In HTML and JSON, the filenames for classes were just the class name. If you had a template specialization, this would cause problems In HTML, we’d get duplicate HTML resulting in wonky web pages. In JSON, we’d get a fatal error from the JSON parser since there were two sets of top level braces. I used ItaniumMangleContext to generate mangled names we could use for the filenames.

Pull Requests

Here are the pull requests I made for refactors during the project:

Overview

I implemented a new JSON generator that will serve as the basis for Clang-Doc’s documentation generation. This will vastly reduce overall lines of code and maintenance burdens.
I added a lot of tests to increase code coverage and ensure we are serializing all the information necessary for high-quality documentation.
I refactored our comment handling to streamline the logic that handles them and for better output in the HTML.
I also explored options for rendering Markdown and began an implementation for a parser that I plan on working on in the future.
Along the way, I also did some refactoring to improve code reuse and improved maintenance burdens by reducing boilerplate code.

After my work this summer, Clang-Doc is nearly ready to switch to HTML generation via Mustache templates, which will be a huge milestone. It is backed by the JSON generator which will allow for a much more flexible architecture that will change how we generate other documentation formats like our existing Markdown backend. All of this was achieved without compromising the performance of documentation generation. I also hope that future contributors have an easier time than I did learning about and working with Clang-Doc. The threshold for contributing was high due to a disjointed architecture.

I’m also very excited to present my work and showcase Clang-Doc at this year’s LLVM Dev Meeting during a technical talk. This is the first time I’ll be presenting at a conference and I didn’t expect to have the opportunity when I started at the beginning of the summer.

Over the summer, I addressed these issues:

Future Work

These are issues that I identified over the summer that I wasn’t able to address but would benefit from community discussion and contribution.

Doxygen Grouping

Doxygen has a very useful grouping feature that allows structures to be grouped under a custom heading or on separate pages. You can see it in llvm::sys::path. We opened up an issue for Clang to track this issue, which ended up being a duplicate of this issue.

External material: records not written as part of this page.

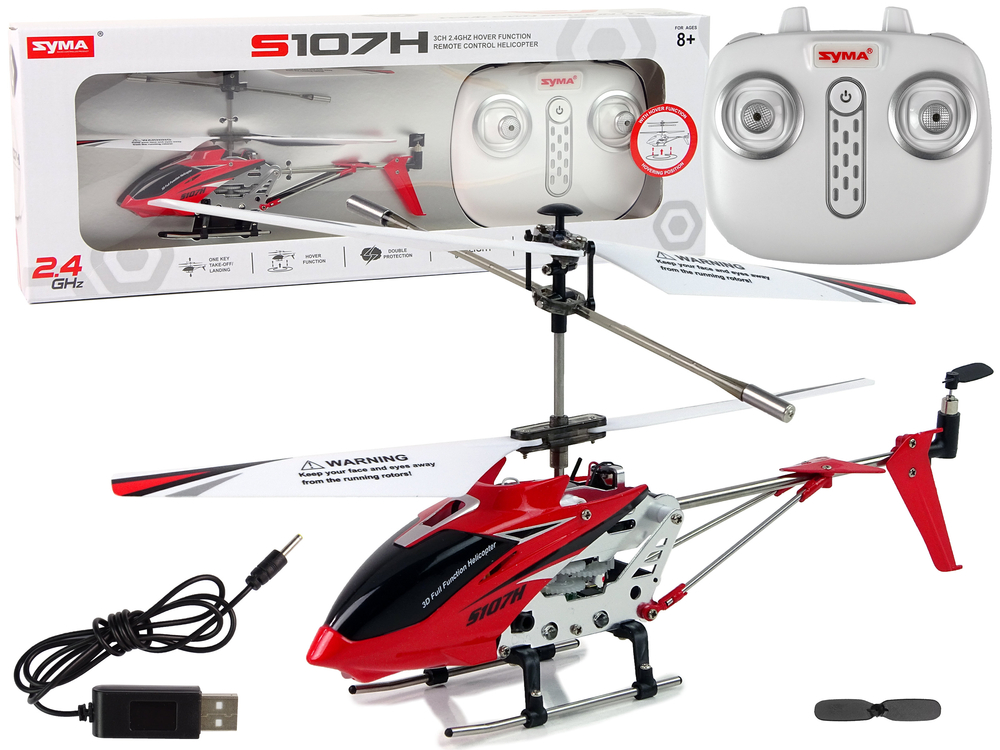 Lean Toys Kaugjuhitav helikopter 2.4G punane Erinevad mänguautod - HellyK - Kvaliteetsed lasteriided, villariided, barefoot jalatsid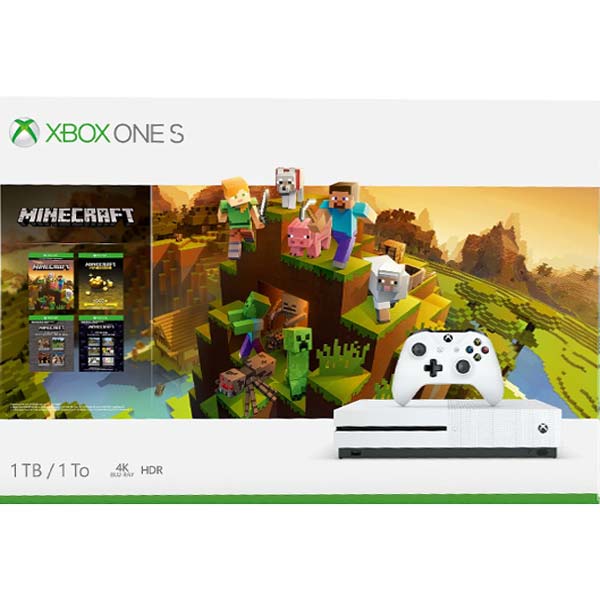 Xbox One S 1TB + Minecraft Creators Bundle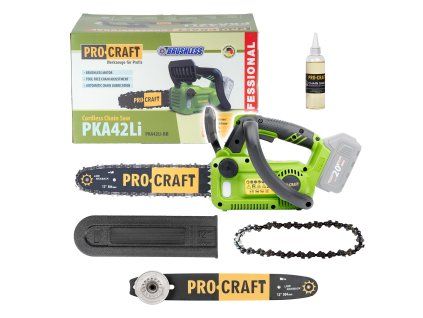 AKU řetězová pila Procraft PKA42Li (bez baterie a nabíječky)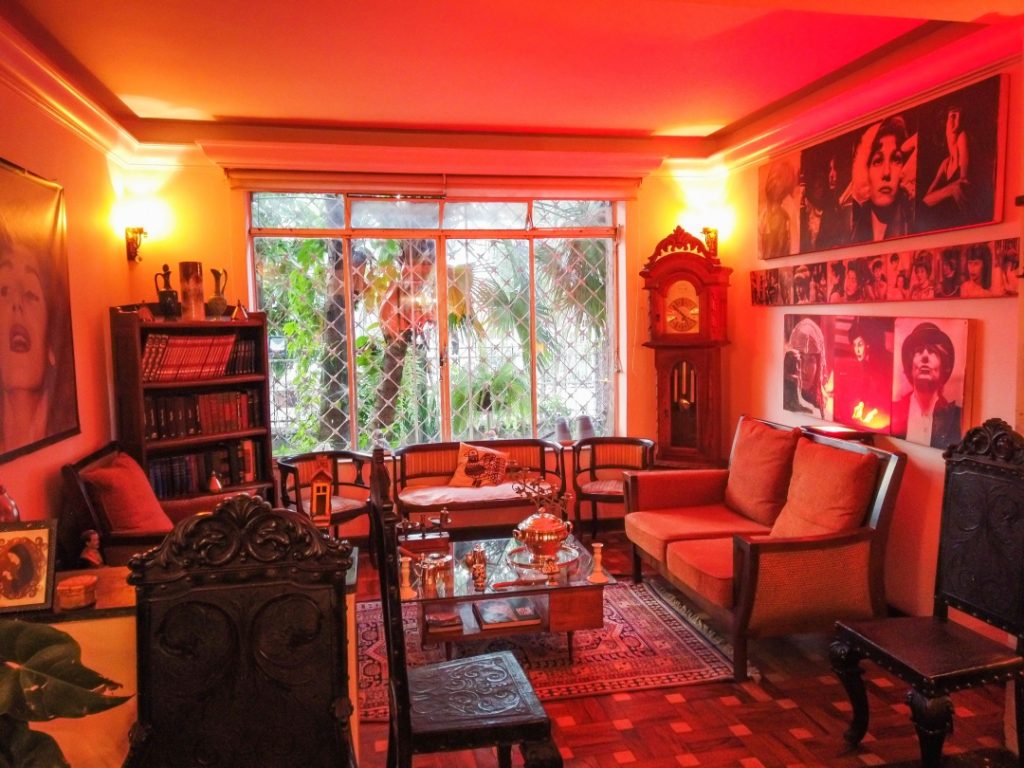 Sala da casa onde viveu Cacilda Becker no Itaim-Bibi em São Paulo - Foto: Edson Lopes Jr. - Blog do Arcanjo 2019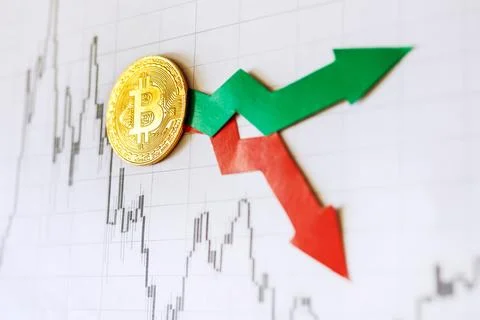 Fluctuations and forecasting of exchange rates of virtual money bitcoin. Re.. Stock Photos
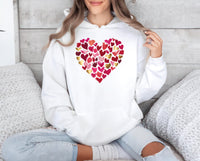 Valentine's Day Heart Hoodie, Girls Valentine Gift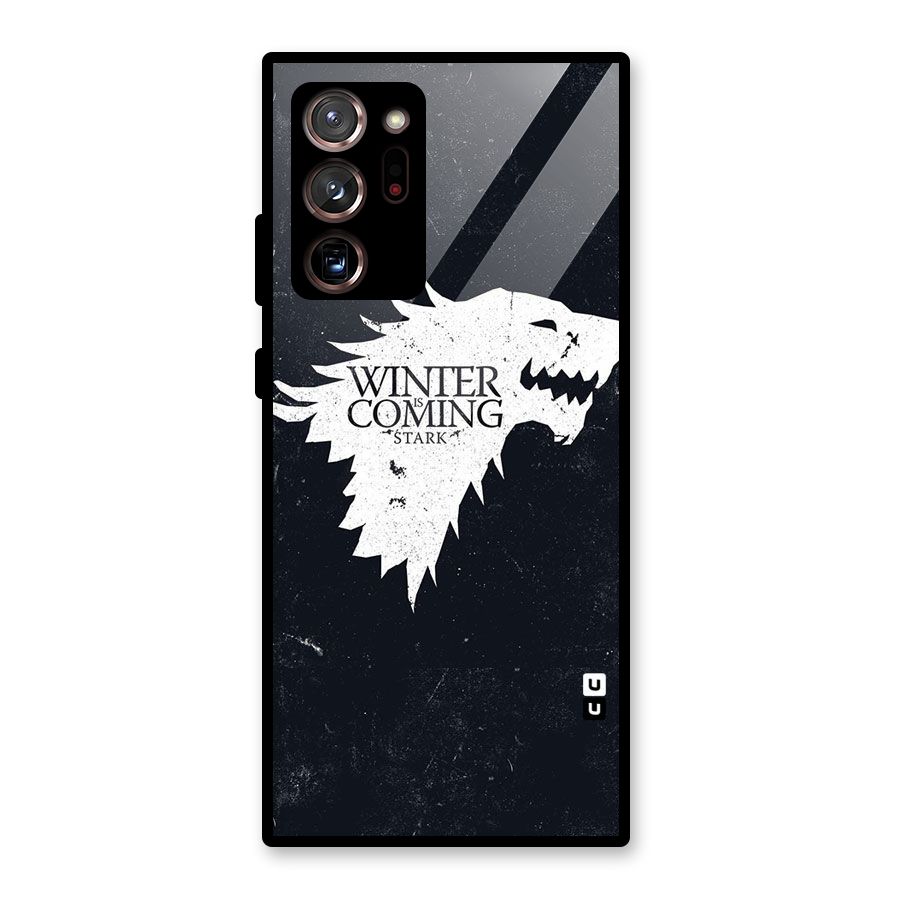 Winter is Coming Stark Glass Back Case for Galaxy Note 20 Ultra 5G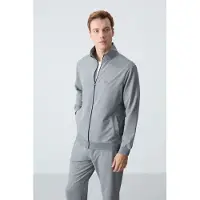 Tommy Life Herren Sweatshirt mit Reißverschlusskragen und Hose Set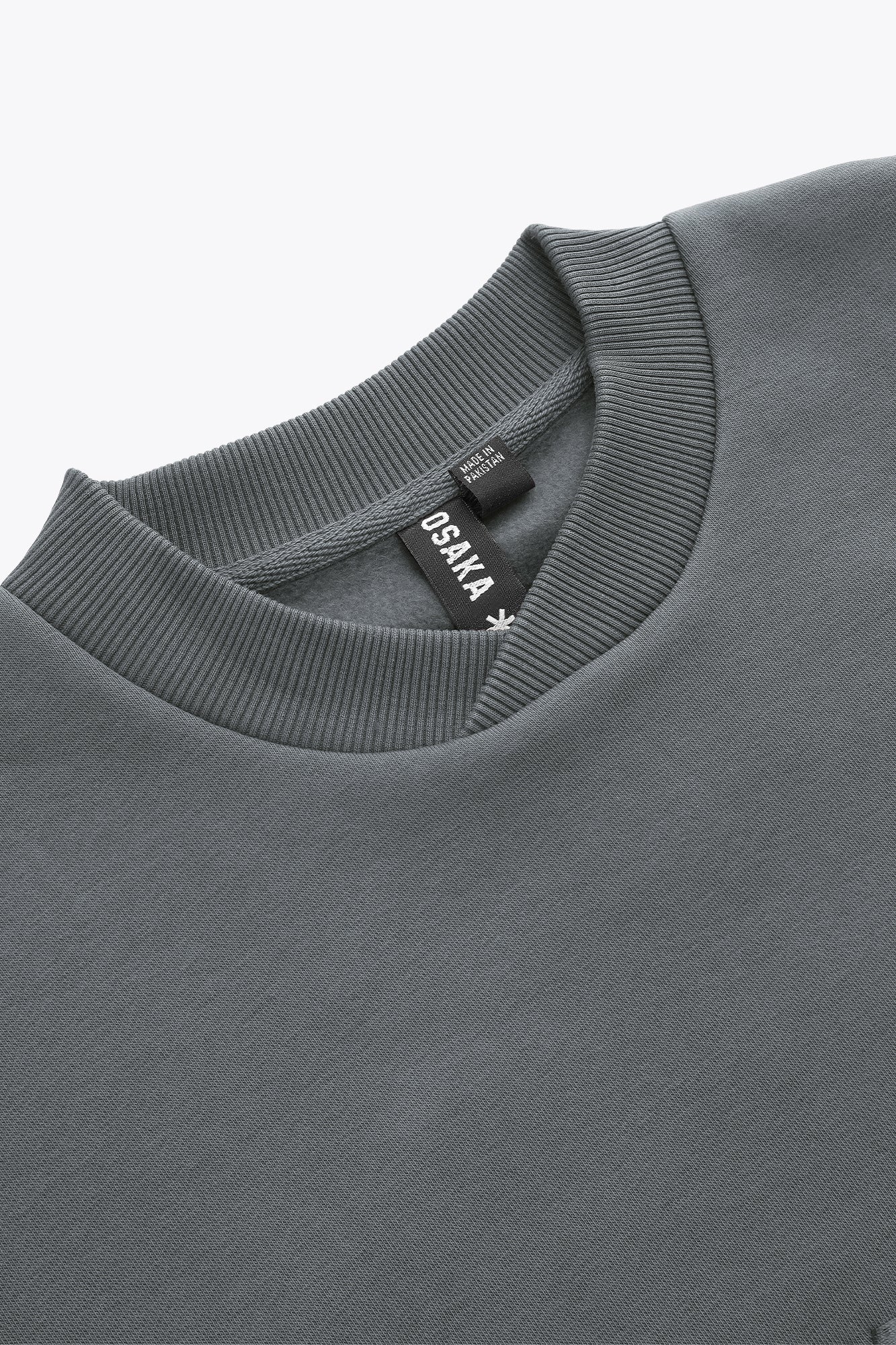 osaka-felpa-uomo-cross-collar-grigio-scuro-melange image 3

There would most likely have to be some major changes to Clang’s comment parsing and Clang’s own parsing. That’s because a lot of the group opening tokens in Clang are free-floating, like so:

/// @{

class Foo {};

That @{ doesn’t attach to a Decl; only comments directly above a declaration are attached to a Decl in the AST. My mentors wisely advised that this would be too much to even consider this summer, and could probably be its own GSoC project.

Cross-referencing

In Doxygen you can use the @copydoc command to copy the documentation from one entity to another. Doxygen also displays where an entity is referenced, like where a function is invoked. Clang-Doc currently has no support for this kind of behavior.

Clang-Doc would need a preprocessing step where any reference to another entity is identified and then resolved somewhere. One of my mentors pointed out that it would be great to do during the reduction step where every Info is being visited anyways. This actually wasn’t something I had even considered in my proposal besides identifying that @copydoc wasn’t supported by the comment parser. It’s a common feature of modern documentation, so hopefully someday soon Clang-Doc can acquire it.

Acknowledgements

Thank you very much to my mentors Paul Kirth and Petr Hosek for guiding me and advising me in this project. I learned so much from review feedback and our conversations. I would not be presenting at the Dev Meeting if not for the encouragement you both gave.